Lebanese actressturned-director Nadine Labaki (Capernaum), on the other hand, has deep, long links with the festival. Her first film, Caramel (2007), emerged from a screenplay that she developed during a Cannes Film Festival Residence programme in 2005. The film premiered in Directors’ Fortnight. In 2011, Labaki was back on the Croisette with Where Do We Go Now?, which played in Un certain regard. Capernaum, her third directorial venture, has catapulted her to the main Competition.
Jia Zhangke (Ash is Purest White), Lee Chang-dong (Burning, an adaptation of a Haruki Murakami short story), Hirokazu Kore-eda (Shoplifters) — will lead the Asian charge, with Competition first-timer Ryusuke Hamaguchi (Asako I & II) completing a strong quartet.
Besides Godard, France is represented in the main Competition by Stephane Brize (At War), Christophe Honore (Sorry Angel), Yann Gonzalez (Knife + Heart) and Eva Husson (Girls of the Sun), starring Emmanuelle Bercot and Golshifteh Farahani.
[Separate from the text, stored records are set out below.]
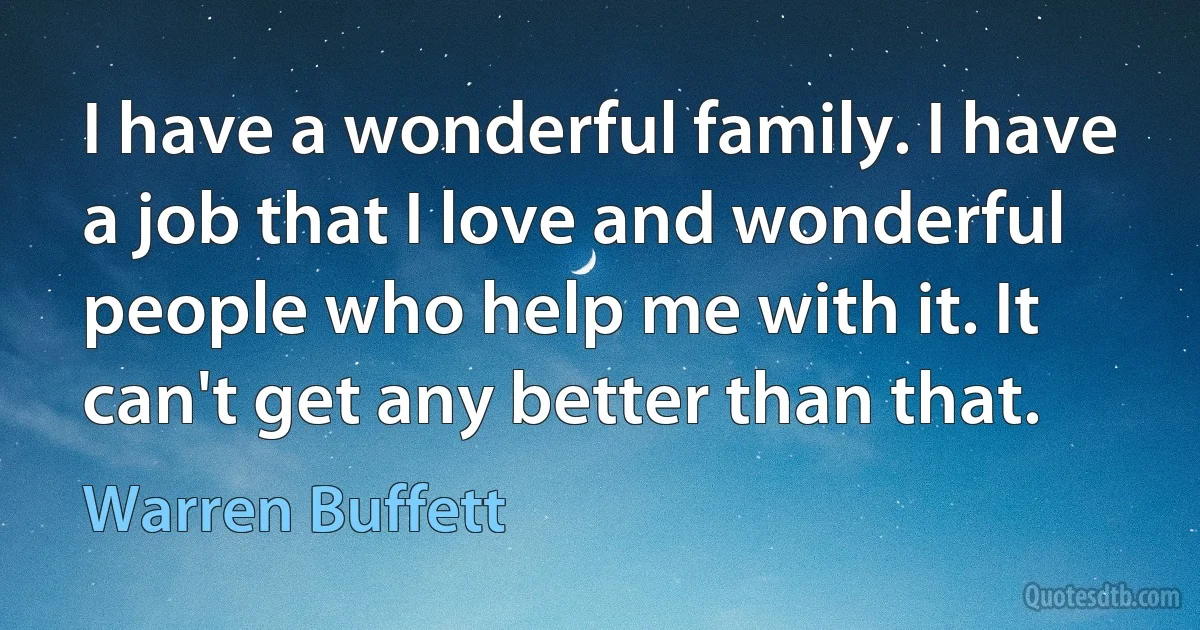 I have a wonderful family. I have a job that I love and wonderful people who help me with it. It can't get any better than that. (Warren Buffett)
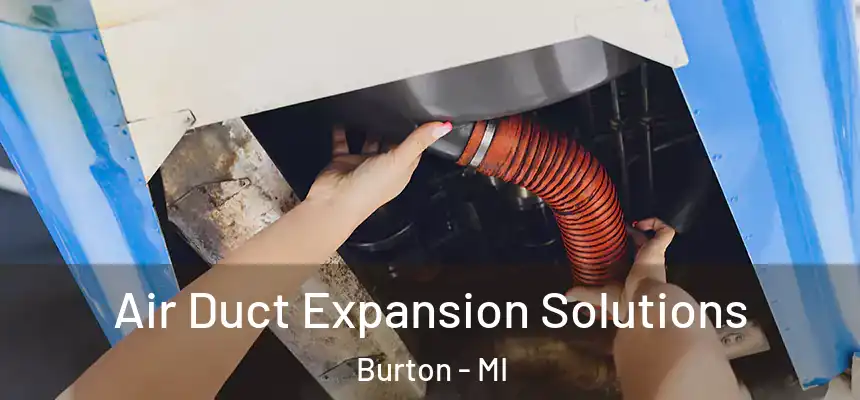 Air Duct Expansion Solutions Burton - MI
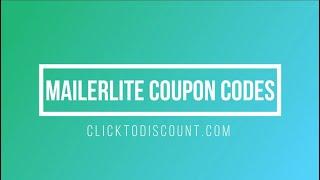 MailerLite Coupon Code &  How To Use MailerLite Promo Code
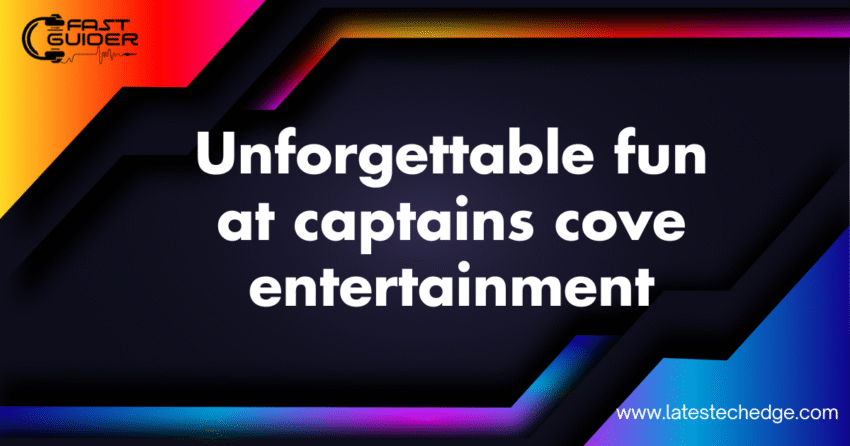 captains cove entertainment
Italy has two films in the running — Matteo Garrone’s Dogman and Alice Rohrwacher’s Lazzaro Felice.
The two Americans in the Competition are Spike Lee (Blackkklansman), who is competing in Cannes for the third time, and David Robert Mitchell (Under the Silver Lake), who is visiting the Croisette for the third time but is vying for the Palme d’or for the first time. Potential gems galore in there!